= WORK ORDER =
Omit the images and output every line of the data below exactly.

··· DATASET CONTENT ···

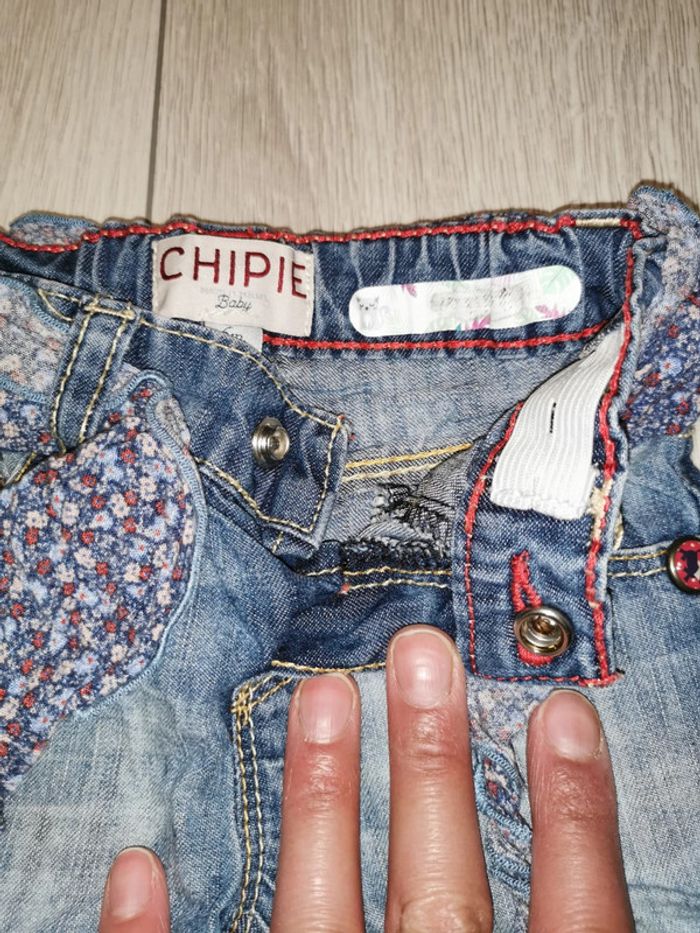 Jean Chipie 6 mois - photo numéro 3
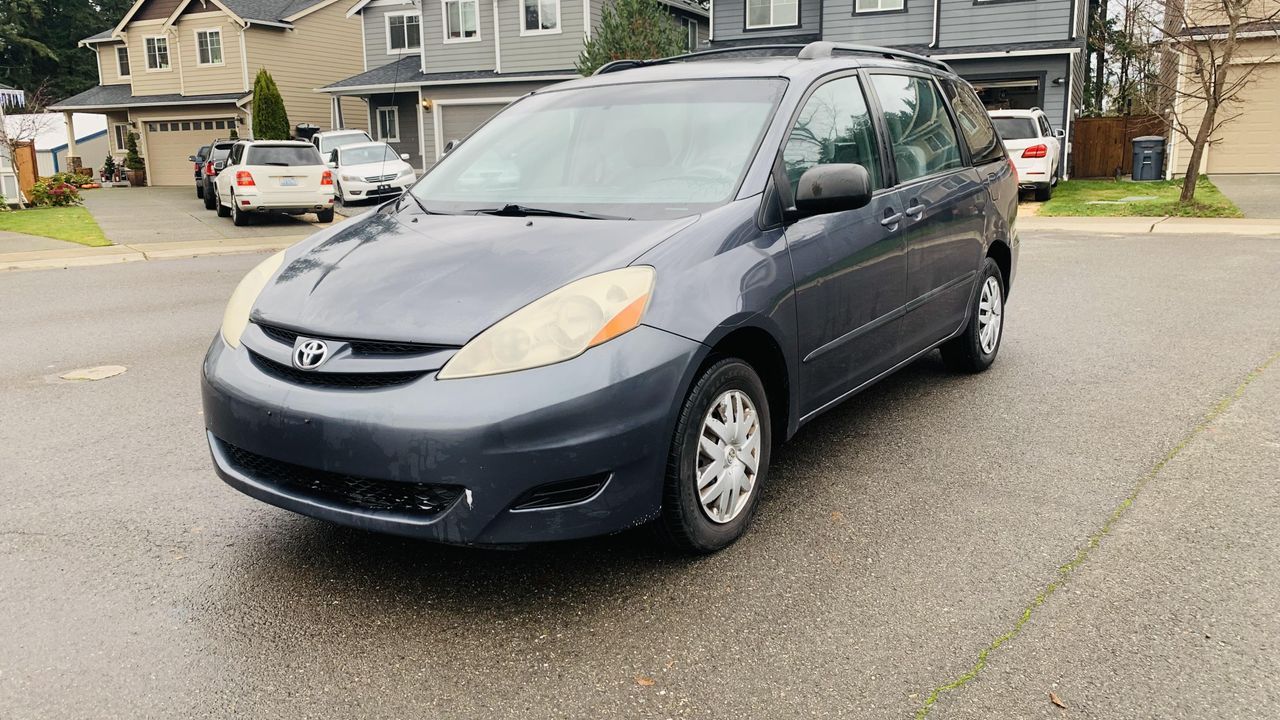 2006 Toyota Sienna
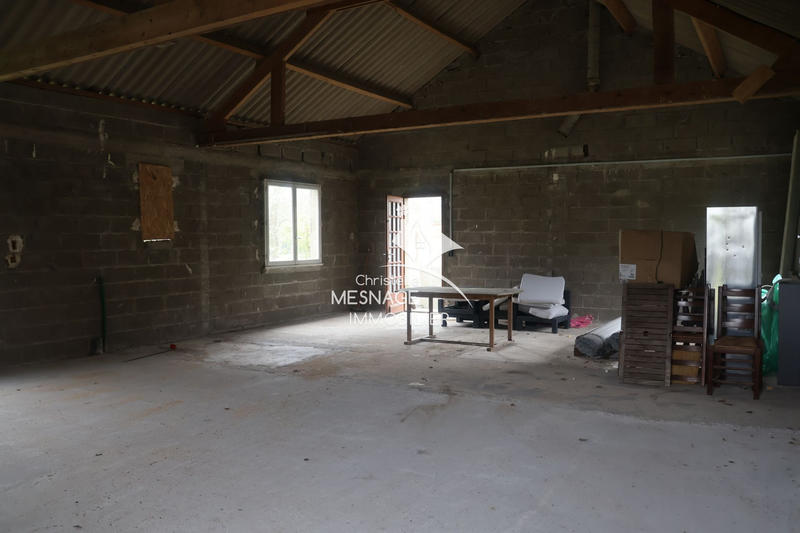 Maison - 100 m² - 1 pièce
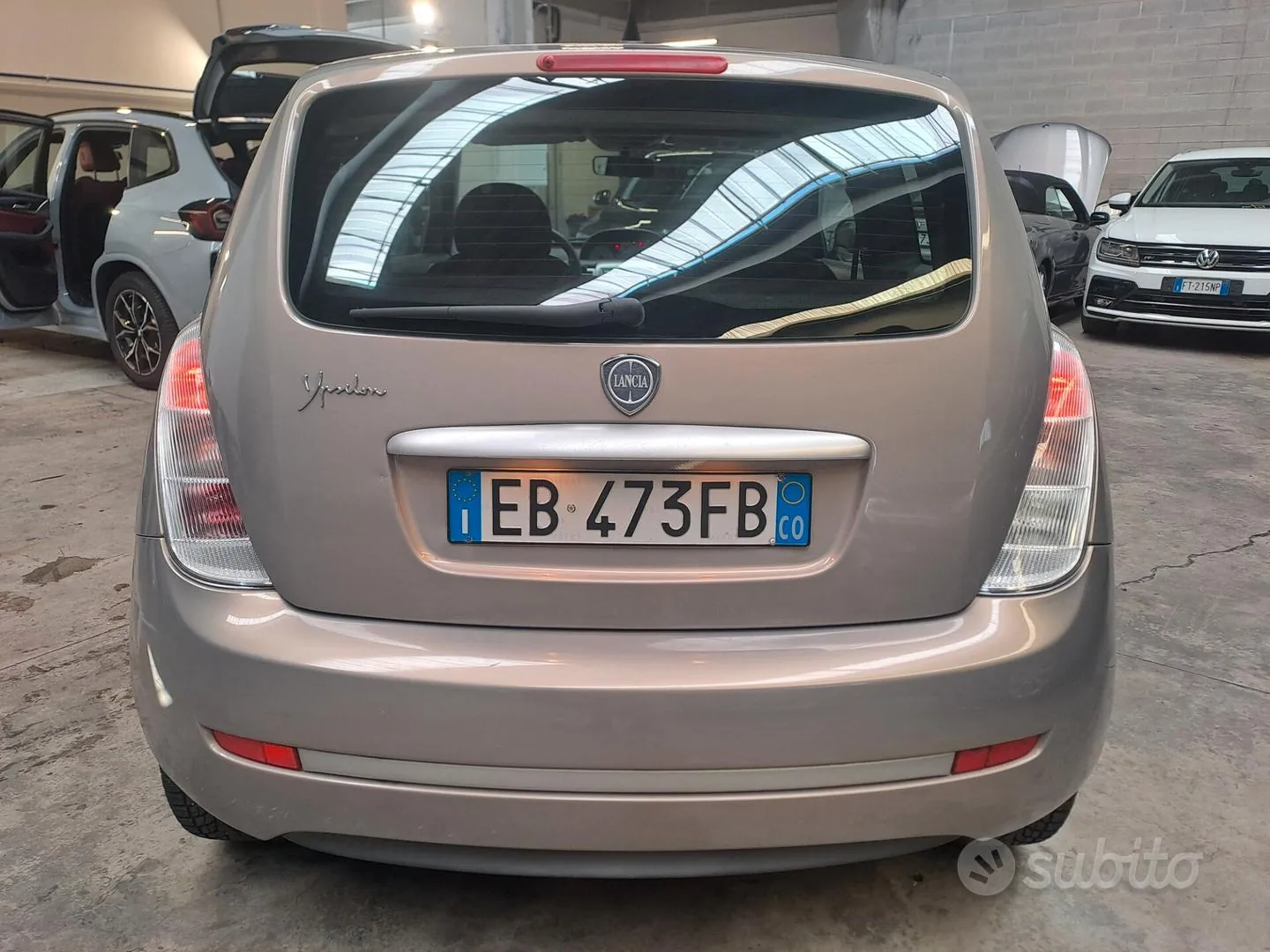 Lancia Ypsilon 2010 photo 5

···

= RESULT OF THIS TASK =
 Jean Chipie 6 mois - photo numéro 3
 2006 Toyota Sienna
 Maison - 100 m² - 1 pièce
 Lancia Ypsilon 2010 photo 5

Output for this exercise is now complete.